Daniel said the representatives would ask him the same questions: Were the couple watching movies on the phone, using it to connect a computer to the internet (known as "tethering"), or using it out of the country?
The couple insist they don't do any of those things.
"And when we asked them what we needed to do to fix the problem, they just said 'Well, quit watching videos on your phone all day,'" Kate said.
"I felt like I was being treated like a criminal — like we were trying to essentially steal from them," Daniel said. "When you call in to argue a bill, that's what they do. They tell you to pay — and don't ask questions."
In December, the Methots paid a lawyer $400 to write a letter to Bell but that yielded no results. In January, Daniel thought he had finally made a breakthrough.
In a phone call he recorded, a Bell representative told him his problem was a "known" software problem on Bell's end. "You'll be OK, don't worry, because it is a known issue," she told Daniel.
The account was immediately credited $3,330.88, and the Methots thought their problem had finally been solved.
Days later, though, they received a new bill with $1,204 in new charges.
"It was just a temporary relief and then the stress is back again," Kate said.

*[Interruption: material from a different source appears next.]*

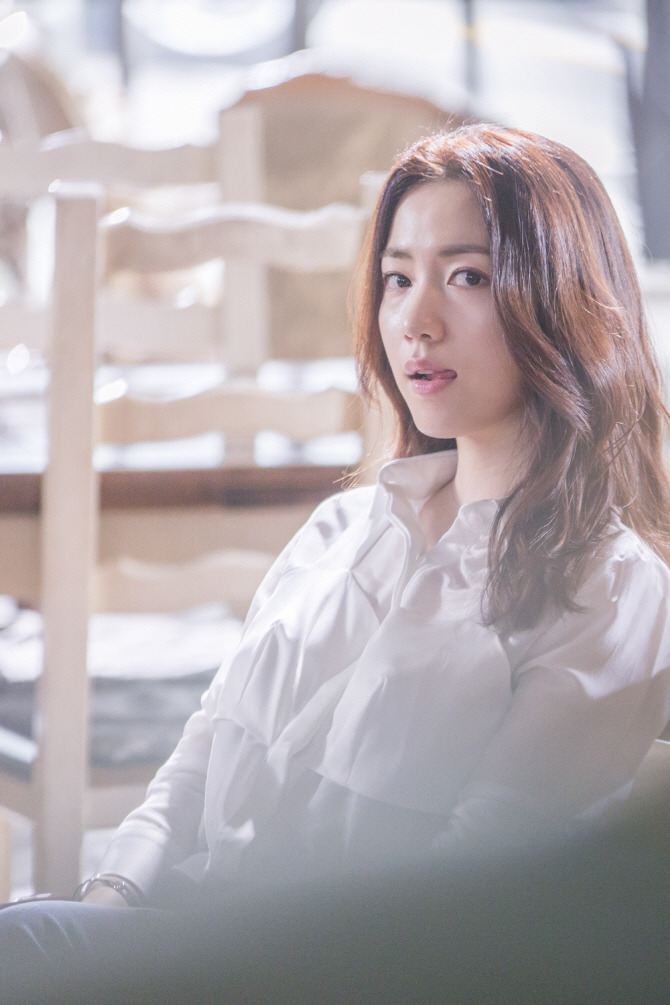 《青春时代》韩胜妍池日洙CP剧照 讲述5名女大学生的青春烦恼【组图】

"At that point I wasn't interested in being a Bell customer anymore," Daniel added.
Bell told CBC News what the Methots were told about the software issue was incorrect.
"The "known issue" the reps mistakenly assumed applied to the Methots was one where a small number of customers were billed for legitimate data … at a rate not in accordance with their plan," Laszlo wrote.
"This isolated matter has been resolved and affected customers credited in full. The Methots' concern isn't that they are being charged an incorrect rate for data, but that they are being charged for data they didn't use."
Daniel said he wants to warn other customers who may be unknowingly paying for data they didn't use.
"There is really no way of telling how much has been billed out to different customers that was never actually used," Daniel said.
"These customers are not alone," said Howard Maker, the head of the federal Commissioner for Complaints for Telecommunications Services. "Unfortunately, Canadian telecom consumers do suffer from many billing errors from their providers."
Maker said his office received more than 1,900 complaints about wireless providers last year, and 40 per cent of them were about overbilling.
Data is a particular problem, Maker said, because many consumers aren't aware of how much they use. He suggested smartphone users track their data usage with an app from an independent company that will give them evidence if they need to dispute a bill.
"If the consumer has some third-party piece of evidence that says 'Look, I have this tool of a third-party provider and it says you are wrong,' there is some evidence that the provider can use to conduct its research," Maker said.
The Methots say Bell recently offered to cancel their contract and waive all outstanding fees, but they have not yet accepted. They say they aren't sure Bell's remedy is adequate compensation considering what they paid the lawyer and the ordeal they've been through.
"I am not going to go away, I am too deep into this now," Daniel said. "This has taken up a lot of my life lately so I don't just intend to walk away."